0 + 1 = 1, 1 + 1 = 2, 2 + 1 = 3, 3 + 2 = 5, 5 + 3 = 8
Factorials, written as n!, are the product of all positive integers that are less than or equal to n. For example,
5! = 5 x 4 x 3 x 2 x 1 = 120.
Physical constants include c, the speed of light in a vacuum, or 186,282 (299,792 k) miles per second, h, the Planck constant, or, 6.62607015 × 10−34, G, the Newtonian constant of gravitation, or 6.674 × 10−11 m3 x kg−1x s−2, and e, the elementary charge, or 1.602176634 × 10−19 Coulombs.

On a logarithmic scale, the probability of a number being the leading digit is proportional to the interval between numbers on the scale. The interval between the log of the number ".1" and the log of the number ".2" is much wider than the interval between the log of the number ".8" and the log of the number ".9". And, the same thing is true, and the intervals are the same, for the numbers "1" and "2", "10" and "20" and "100" and "200" and the numbers "8" and "9", "80" and "90" and "800" and "900".

Therefore, any random number is much more likely to fall into the wider intervals than into the narrower ones. Remarkably, this works whether we use a logarithmic scale having base 10 or any other base greater than base 2.
Numbers expressed in base 2 are called binary numbers. They are always expressed beginning with the number "1", and they include only "1s" and "0s". You probably recognize these as the kind of numbers used by computers.

Data sets that conform to Benford's Law
While stock market prices conform very accurately to Benford's Law, sets of numbers within a single order of magnitude do not. For example, the heights of adults, which will have a starting digit of "4", "5", "6" or possibly even "7", and IQ scores, which range from 70 to 130 or above, are unlikely to conform to Benford's Law.

However, if we look at the heights of the 58 tallest structures in the world, "1" is overwhelmingly the most common leading digit regardless of the unit of measurement. That means it doesn't matter if we measure structure heights in meters, yards, feet, inches, or centimeters, "1" still wins.
When a data set is scale invariant, that is, it is independent of the units that the data are expressed in, the distribution of first digits always conforms to Benford's Law.

If we look at the populations of the 150 most populated countries in the world, guess what leading digit wins again, the number "1".
Uses for Benford's Law
In 1972, the economist Hal Varian, who is now Google's chief economist, suggested using Benford's Law to detect fraud in economic data.

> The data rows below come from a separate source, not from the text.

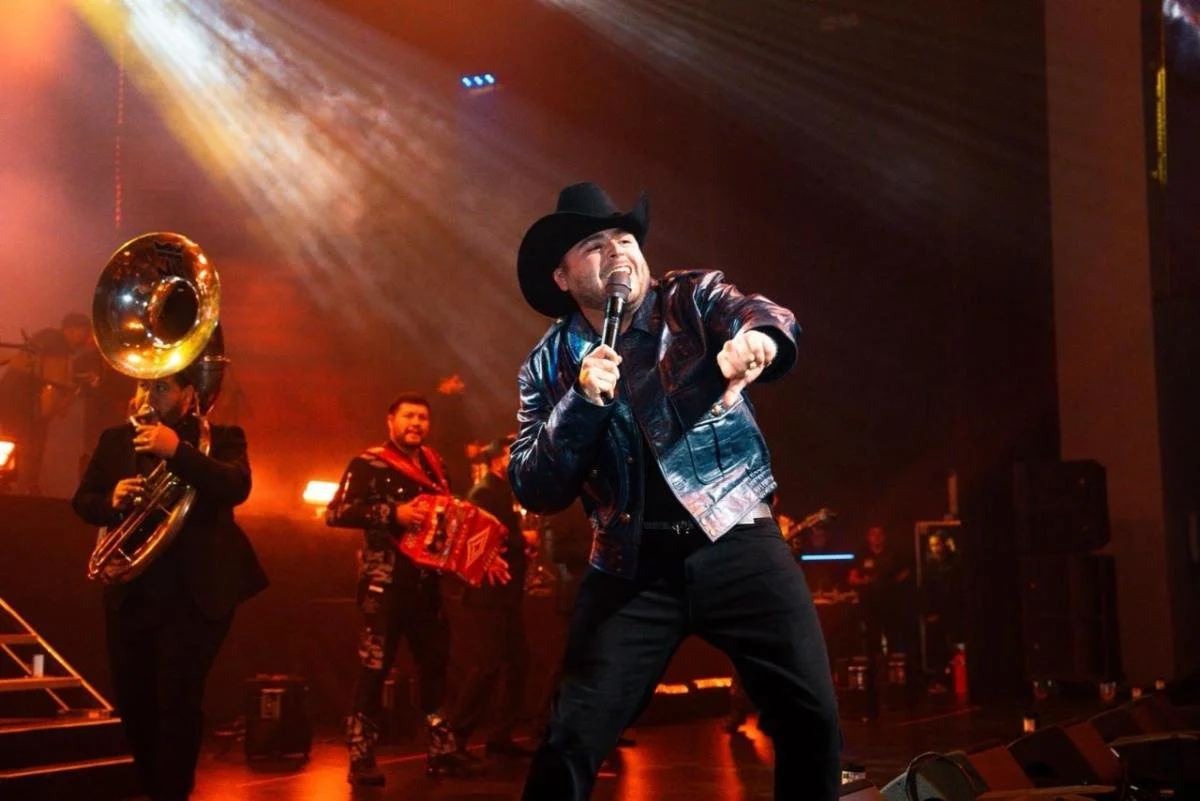 Gerardo Ortiz Arrasa Con Un Sold Out En El Youtube Theater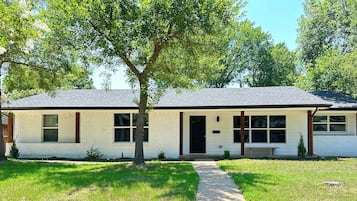 Casa (4 Bedrooms) | Vista frontal de la propiedad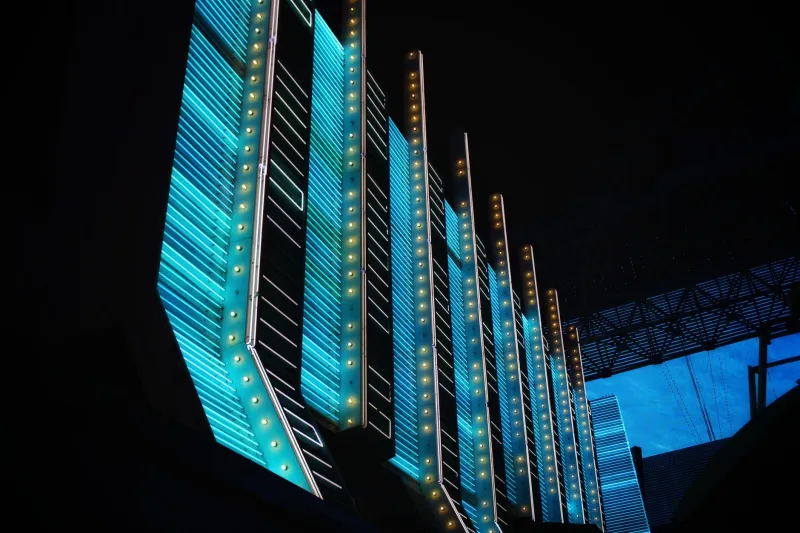 Voltage & Vision: How Las Vegas Neon Artists Are Rewiring the City's Luminous Soul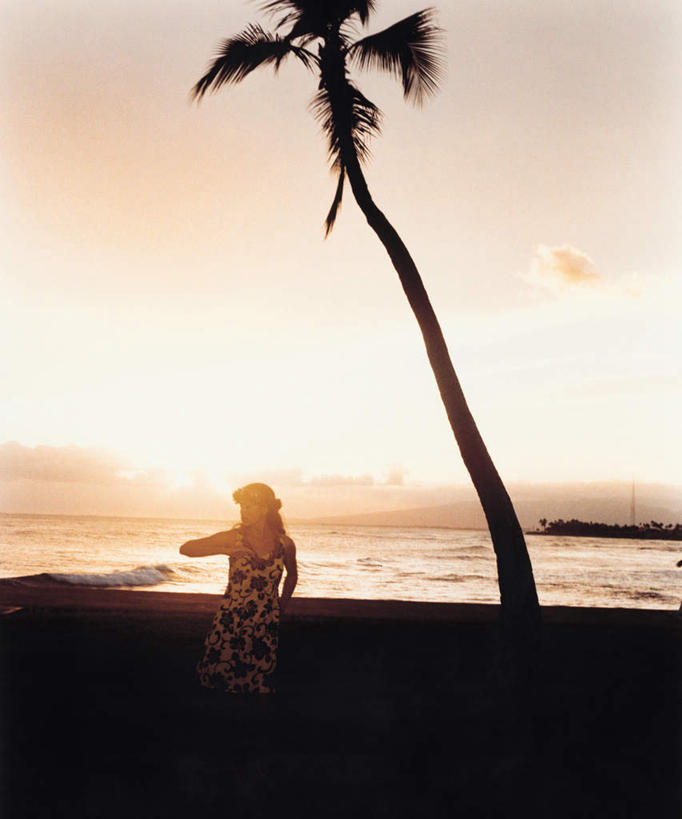 东方人,一个人,跳舞者,站,举,竖图,室内,白天,正面,裙子,跳舞,海浪,海洋,日落,沙滩,植物,棕榈树,叶子,亚洲,仅一个年轻女性,仅一个女性,仅一个人,阴影,连衣裙,服装,装饰,盛开,光线,花环,沙子,影子,海岸,浪花,晚霞,霞光,落日,绿叶,沙地,背光,花蕾,注视,黄种人,花,花瓣,花朵,鲜花,树,树木,衣服,绿色,阳光,自然,海水,黄昏,花苞,花蕊,观察,看,托,站着,嫩叶,彩霞,服饰,生长,成长,观看,华丽,修饰,点缀,察看,衣着,穿着,关注,草裙舞,舞姿,逆光,海景,棕榈叶,衬托,美观,雅致,雅观,衣饰,夕照,年轻女性,女人,女性,亚洲人,叶,叶片,大海,风浪,海,海水的波动,海滩,近岸浪,涌浪,夕阳,舞蹈家,舞蹈演员,舞者,举起,举手,举着,向上举,向上伸,向上托,站立,彩图,全身,舞蹈,呼拉舞,斜阳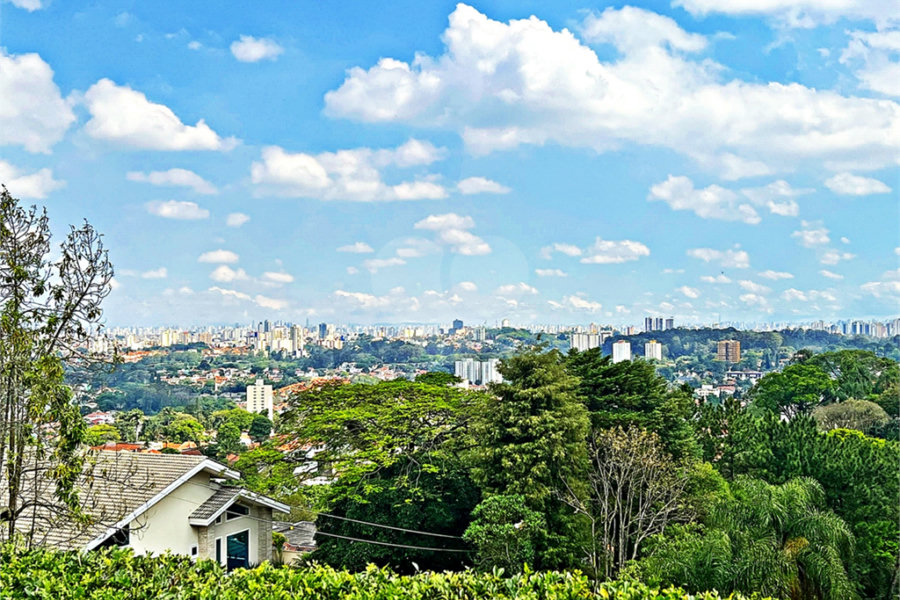 Casa à venda com 4 suítes no condomínio Residencial Jd. Ibiratiba, São Paulo - SP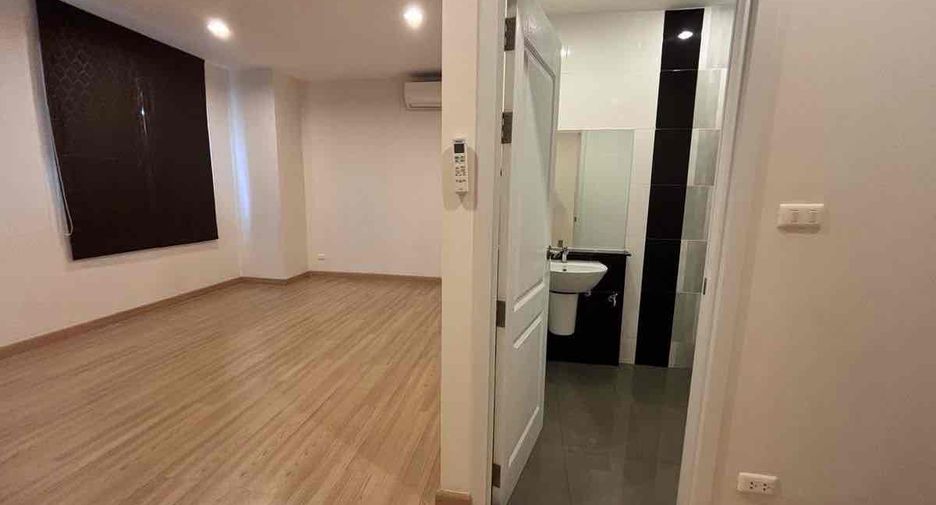 For rent 3 bedrooms retail Space in Bang Na, Bangkok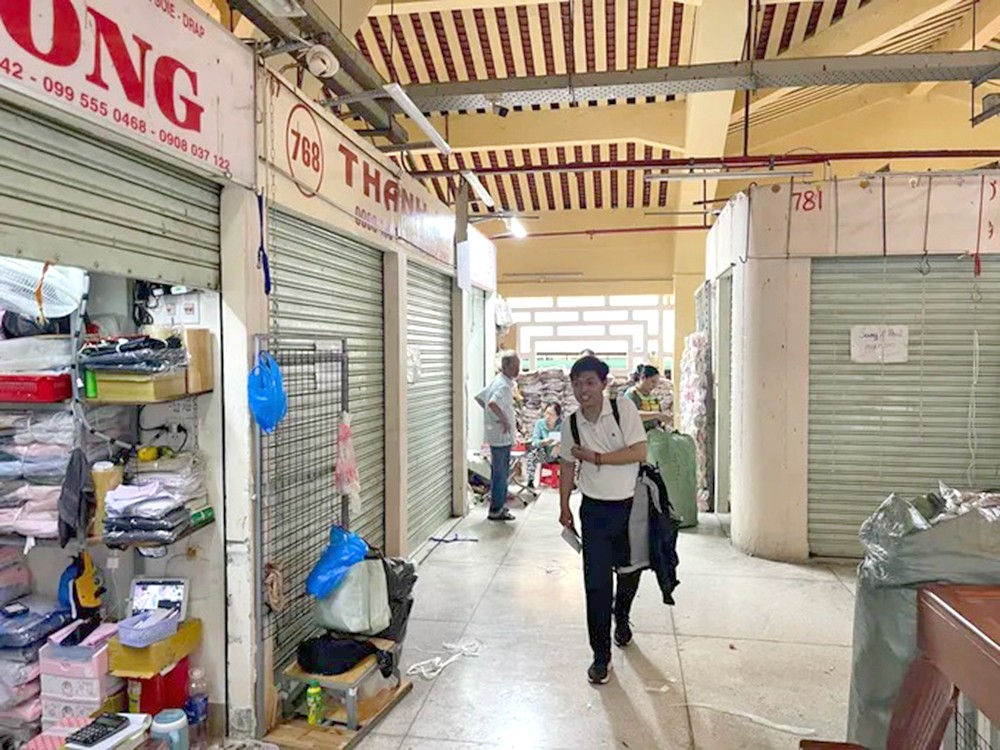 第六郡平西市场摊位的顾客稀少。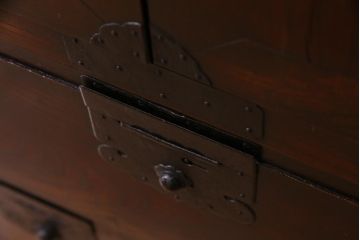 アンティーク家具　古民具　観音開き扉　三方ケヤキ材　漆塗り　渋さの中に気品漂う重ね箪笥(時代箪笥、和タンス)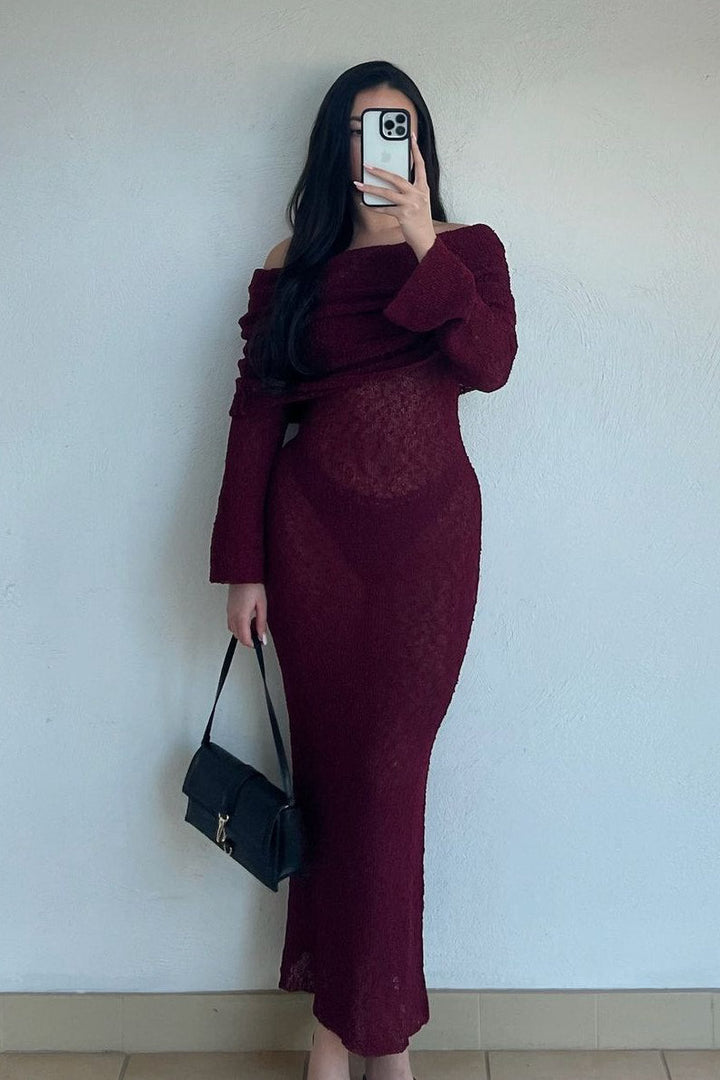 Pflaumenfarbenes, schulterfreies Bouclé-Maxikleid aus Strick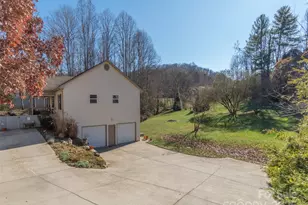 16 Southwood Dr, Weaverville, NC 28787 - Photo 3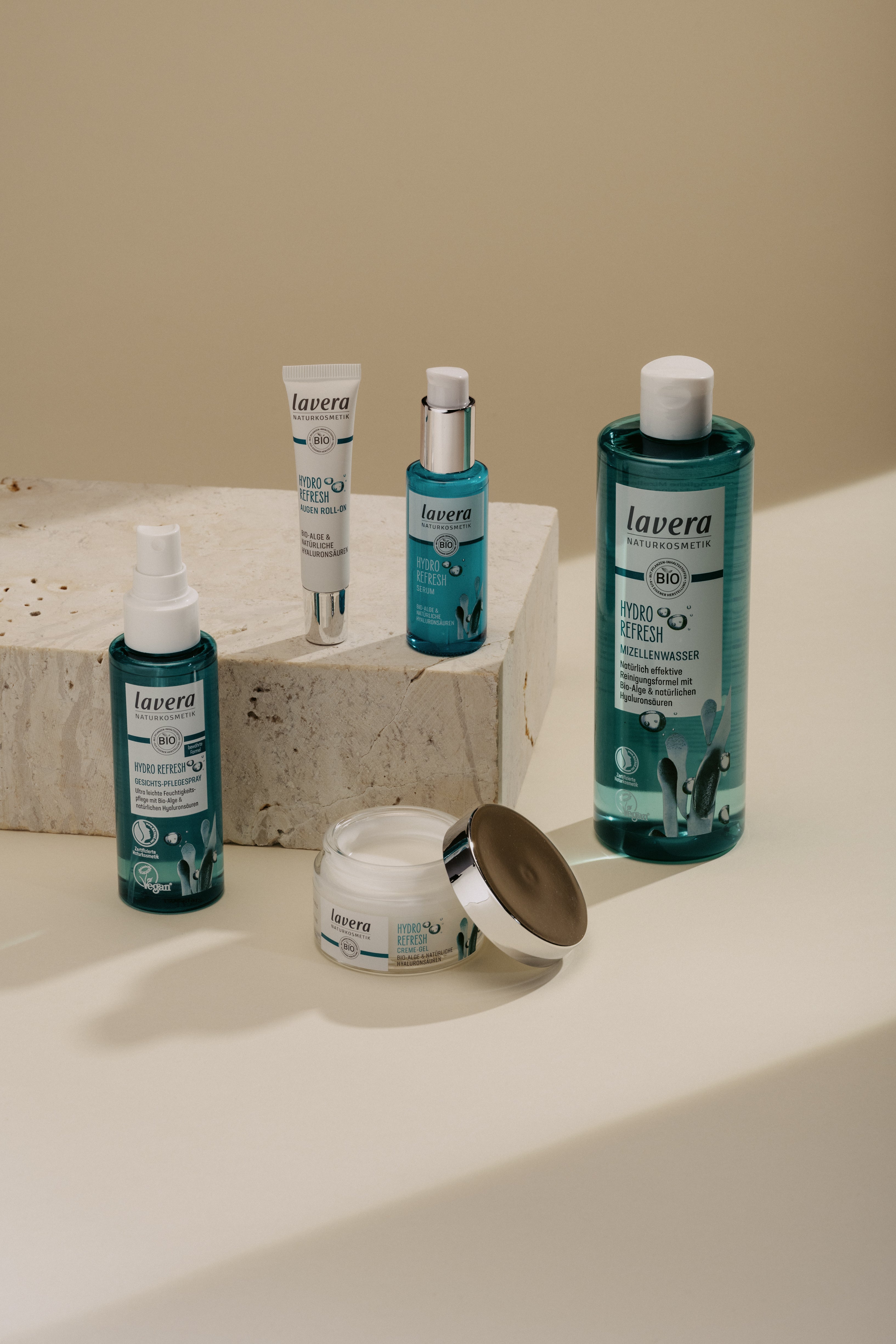 lavera Hydro Refresh Range vor beschem Hintergrund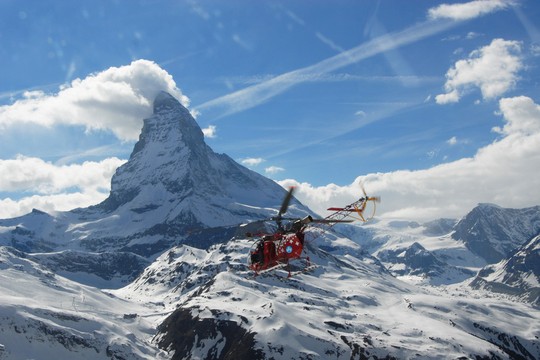 Bild von «DOK»: Die Bergretter im Winter
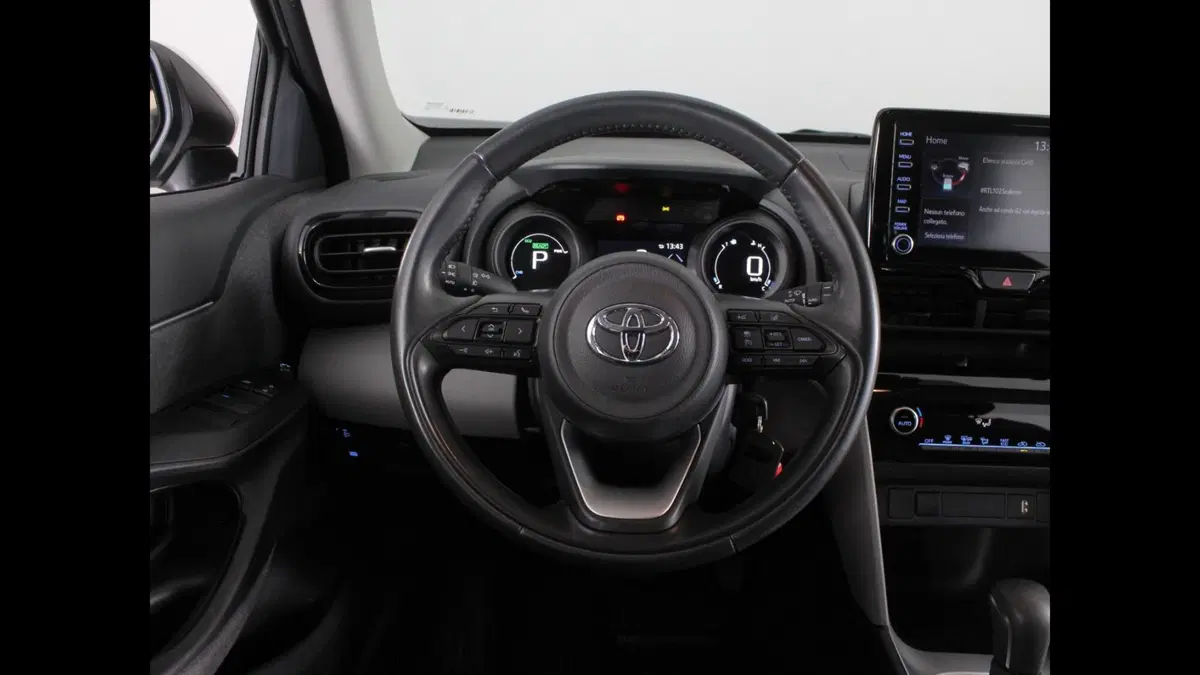 Toyota Yaris Cross usata a Palermo (10)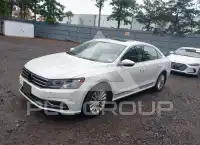 2017 Volkswagen Passat фото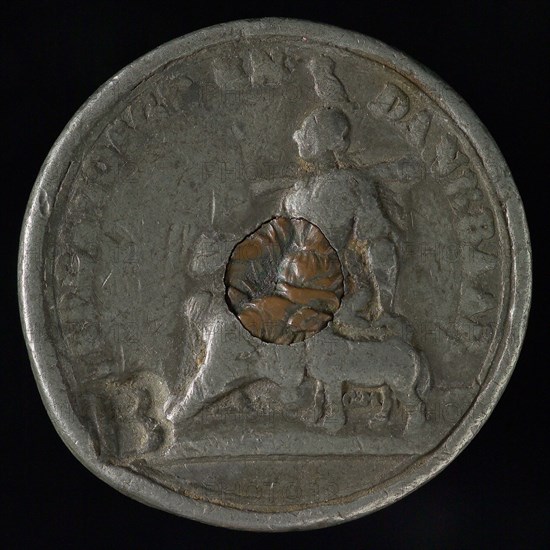 BroodMedal Gereformeerde Diaconie 1777, bread penny penny swap lead copper metal, indistinct image (pile loaves?), REFORMED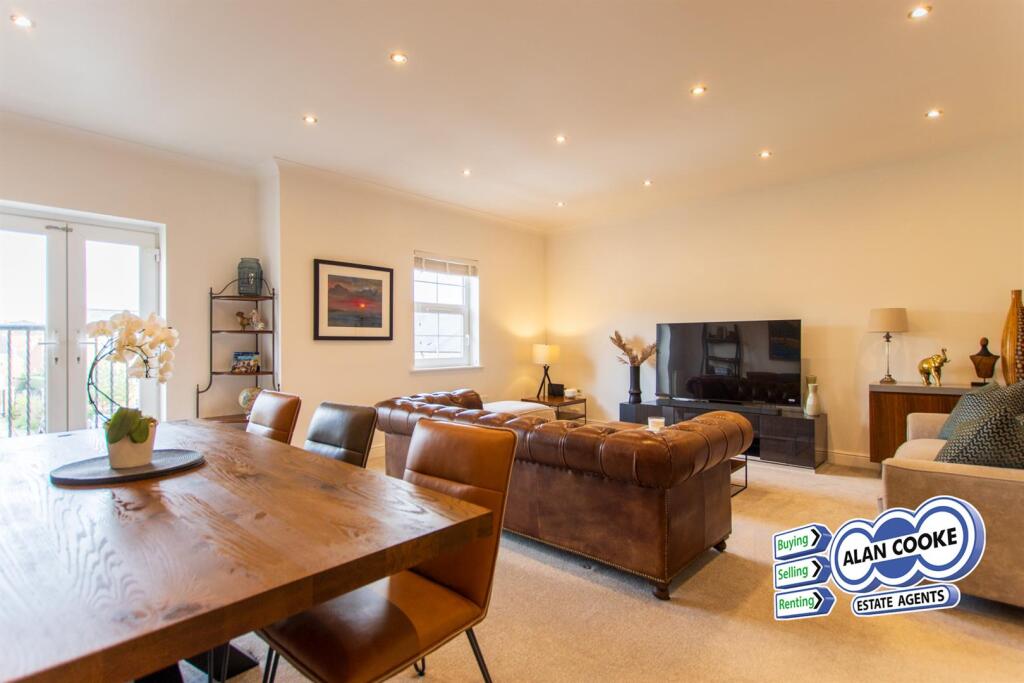 Stoneleigh Court, Alwoodley photo 2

It is rumored that the Internal Revenue Service, (IRS) uses Benford's Law to analyze income tax returns, and Benford's Law has even been admitted in criminal cases on the federal, state, and local levels.
After the introduction of the Euro in 2002, Benford's Law was applied to the prices of goods which had to be converted from various currencies into the Euro. While the first digits of the new prices in Euros conformed to Benford's Law, the second and third digits did not, and this confirmed that there was a difficulty in converting prices to the new currency.
Recently, researchers have applied Benford's Law to the daily number of COVID-19 cases and deaths reported by several counties. While numbers from the U.S., Brazil, India, Peru, South Africa, Colombia, Mexico, Spain, Argentina, Chile, the UK, France, Saudi Arabia, China, Philippines, Belgium, Pakistan, and Italy all conformed to Benford's Law, numbers from Russia and Iran did not.
Recently, Physics World reported that an analysis of the 2020 election votes using Benford's Law found no irregularities in the vote counts from Fulton County, GA, Allegheny County, PA, Milwaukee, WI, and Chicago, IL.
If you want to confirm Benford's Law for yourself, in the image at the top of the screen, try comparing the numbers having the leading digit "1" with those having other leading digits. Guess who wins.